_COLLECTED DATA_
──────
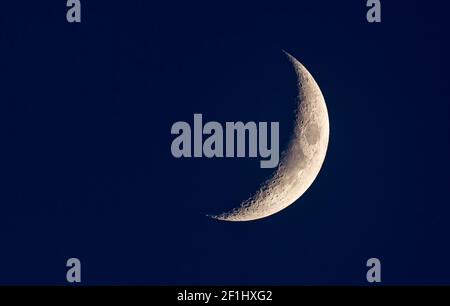 Waxing crescent moon in a dark blue night sky Stock Photo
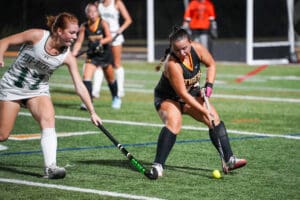 Field hockey players in action during a competitive match, focused on controlling the ball on the field.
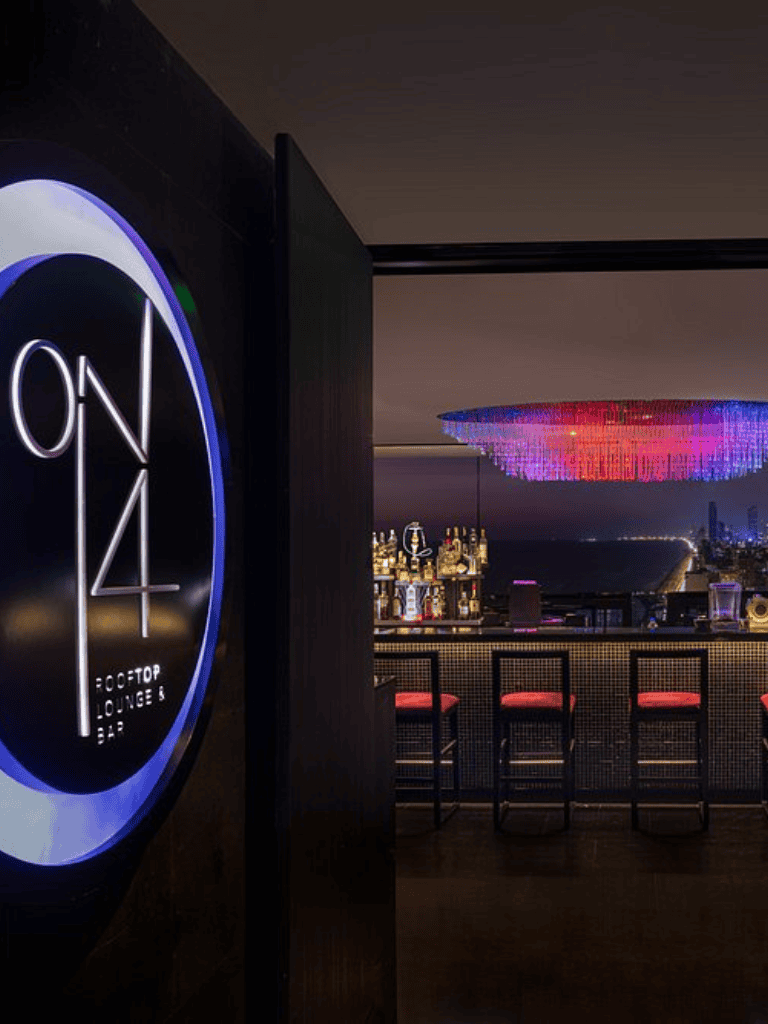 Elegant rooftop bar at night with city skyline view, modern decor, and colorful chandelier lighting for trendy nightlife experiences.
──────
_WHAT TO DO_
I'd like the data above duplicated exactly, with no pictures included.

_RESPONSE BOX_
 Waxing crescent moon in a dark blue night sky Stock Photo
 Field hockey players in action during a competitive match, focused on controlling the ball on the field.
 Elegant rooftop bar at night with city skyline view, modern decor, and colorful chandelier lighting for trendy nightlife experiences.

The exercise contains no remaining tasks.